Todo o processo de substituição foi feito à boa maneira comunista, com uma escolha da cúpula. Sem alaridos, sem fugas de informação, sem discussão nem escrutínio públicos. Apresentado em comunicado às redações, num sábado à noite, o nome de Paulo Raimundo será depois referendado pelo Comité Central, sem contestação. Há um ano, ninguém o indicava para a sucessão, na qual se enfileiravam nomes mais conhecidos: João Ferreira, João Oliveira, Bernardino Soares, em março, o início das suas discretas aparições públicas e a possibilidade de entrar na corrida, chega como ilustre desconhecido de quase todos: eleitores, militantes e até comentadores. Ali, o coletivo continua a falar mais alto.

Paulo Raimundo será, aliás o primeiro secretário-geral a tornar-se líder sem nunca ter ido a votos e ter sido eleito em democracia, nem que seja para uma junta de freguesia. E será também o primeiro nascido após o 25 de Abril, sem luta antifascista no currículo. Porém, na hagiografia comunista, aparece como o “operário” que “começou como carpinteiro, foi padeiro e animador cultural” e com “um percurso de vida dedicado à defesa dos interesses dos trabalhadores e do povo”. Na verdade desde os 19 anos que é funcionário do partido, primeiro da JCP e depois do PCP, sendo um dos poucos que ocupam lugar na Comissão Política e no Secretariado do Comité Central. É um discreto e fiel servidor do aparelho. Se entendermos a palavra “operário” como “pessoa encarregada de um trabalho mediante pagamento”, é, pois, um proletário da política há 27 anos, como tantos outros noutros partidos.

Paulo Raimundo terá desafio hercúleo pela frente. Substituirá um homem empático, respeitado em todos os quadrantes políticos. E liderará um partido que cumpriu sempre a importante função de dar voz a uma franja da população muito esquecida – os trabalhadores, os pensionistas, os mais desfavorecidos –, mas que não aprecia mudanças, com uma base eleitoral envelhecida, um desaire nas últimas legislativas e dificuldades em encontrar o tom perante uma maioria absoluta do Partido Socialista que ajudou a fortalecer.

Um partido que, desde a queda do Muro de Berlim, tem dificuldades em lidar com a falência do modelo ideológico original, que se institucionalizou na política interna e se assumiu como defensor da Constituição da República Portuguesa, mas que, na política externa, nunca conseguiu distanciar-se e reconhecer os erros do passado, continuando a cometer novos erros. Antieuropeísta a anti-imperialista, separa o imperialismo do mal (o americano) e o imperialismo do bem, (o russo), que não reconhece, agarrado a um ideário imaginário que já não existe e sem perceber que a Rússia de hoje tem, mais de fascista do que de comunista. Todas estas incongruências ficaram escancaradas desde o início da guerra da Ucrânia, que entrincheirou o PCP numa fossa de difícil saída colocar-se, desde o primeiro minuto, do lado do agressor em vez do agredido, replicando o mesmo argumento indefensável do Kremlin durante tempo demais.
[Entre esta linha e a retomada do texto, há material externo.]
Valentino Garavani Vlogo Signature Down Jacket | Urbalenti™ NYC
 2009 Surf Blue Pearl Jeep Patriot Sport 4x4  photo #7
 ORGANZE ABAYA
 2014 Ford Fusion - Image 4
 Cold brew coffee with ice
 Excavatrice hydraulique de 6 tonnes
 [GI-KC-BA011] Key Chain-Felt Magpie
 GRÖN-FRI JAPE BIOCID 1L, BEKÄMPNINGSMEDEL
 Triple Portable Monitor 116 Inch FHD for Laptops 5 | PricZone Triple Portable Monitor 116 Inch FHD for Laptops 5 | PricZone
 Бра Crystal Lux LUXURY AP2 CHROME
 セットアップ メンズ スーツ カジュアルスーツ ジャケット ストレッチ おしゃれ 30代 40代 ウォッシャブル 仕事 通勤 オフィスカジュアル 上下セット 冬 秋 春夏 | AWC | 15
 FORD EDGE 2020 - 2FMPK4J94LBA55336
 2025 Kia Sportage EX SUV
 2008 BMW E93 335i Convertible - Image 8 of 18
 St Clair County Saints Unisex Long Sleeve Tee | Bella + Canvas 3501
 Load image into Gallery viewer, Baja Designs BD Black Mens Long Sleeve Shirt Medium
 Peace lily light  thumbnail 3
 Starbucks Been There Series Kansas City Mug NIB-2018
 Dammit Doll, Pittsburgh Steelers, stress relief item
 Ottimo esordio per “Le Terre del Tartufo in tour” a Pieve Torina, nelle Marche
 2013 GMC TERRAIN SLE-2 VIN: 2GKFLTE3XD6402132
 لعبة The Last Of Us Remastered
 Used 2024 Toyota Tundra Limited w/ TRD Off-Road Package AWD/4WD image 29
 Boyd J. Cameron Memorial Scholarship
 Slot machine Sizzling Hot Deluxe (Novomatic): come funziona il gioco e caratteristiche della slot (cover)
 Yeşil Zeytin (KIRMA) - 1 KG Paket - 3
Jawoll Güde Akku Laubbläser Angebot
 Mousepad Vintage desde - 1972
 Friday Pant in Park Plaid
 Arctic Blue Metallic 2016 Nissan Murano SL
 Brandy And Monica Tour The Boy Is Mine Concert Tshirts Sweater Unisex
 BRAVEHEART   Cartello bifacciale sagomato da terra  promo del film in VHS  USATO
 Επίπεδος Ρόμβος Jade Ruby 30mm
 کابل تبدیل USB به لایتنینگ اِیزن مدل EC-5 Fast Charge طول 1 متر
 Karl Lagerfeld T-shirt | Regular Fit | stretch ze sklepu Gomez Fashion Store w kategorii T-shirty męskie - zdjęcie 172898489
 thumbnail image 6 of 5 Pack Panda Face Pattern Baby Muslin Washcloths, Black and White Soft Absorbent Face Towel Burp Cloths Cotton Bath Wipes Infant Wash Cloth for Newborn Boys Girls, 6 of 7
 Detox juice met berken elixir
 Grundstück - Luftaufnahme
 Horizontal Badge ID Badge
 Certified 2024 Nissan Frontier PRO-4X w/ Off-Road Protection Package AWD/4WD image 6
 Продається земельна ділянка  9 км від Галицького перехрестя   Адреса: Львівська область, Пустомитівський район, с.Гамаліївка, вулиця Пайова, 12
O que resta da força do PCP está nas autarquias e nas ruas, e é para as ruas que vai voltar agora com Paulo Raimundo, numa luta que pode ser pela sua sobrevivência. Se com os mesmos métodos e a cassete reivindicativa de sempre ou se com novidades e pequenas nuances – será esperar para ver.

Mas terá a concorrência do lado oposto do espectro, a extrema-direita, a dar tudo e a procurar lançar-se na contestação sindical, rivalizando na contestação e sim, também na captação dos eleitores.